▶ _What to work on_
Only the stretch of the listing below that runs from the line with "SHEIN EZwear 女款秋冬拼接立領落肩輕便夾克，黑色、紅色、黃色、深紫色" through the line with "SANDJEST Dad Gift" is to be printed, exactly and with both ends.

▶ _Records_
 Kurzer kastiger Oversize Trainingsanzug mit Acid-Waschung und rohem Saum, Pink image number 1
* * *
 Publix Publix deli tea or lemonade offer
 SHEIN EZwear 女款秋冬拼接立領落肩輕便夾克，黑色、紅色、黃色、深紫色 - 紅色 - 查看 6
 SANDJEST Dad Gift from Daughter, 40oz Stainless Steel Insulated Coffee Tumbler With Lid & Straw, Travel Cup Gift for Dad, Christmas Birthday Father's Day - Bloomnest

▶ _Answer space_
 SHEIN EZwear 女款秋冬拼接立領落肩輕便夾克，黑色、紅色、黃色、深紫色 - 紅色 - 查看 6
 SANDJEST Dad Gift from Daughter, 40oz Stainless Steel Insulated Coffee Tumbler With Lid & Straw, Travel Cup Gift for Dad, Christmas Birthday Father's Day - Bloomnest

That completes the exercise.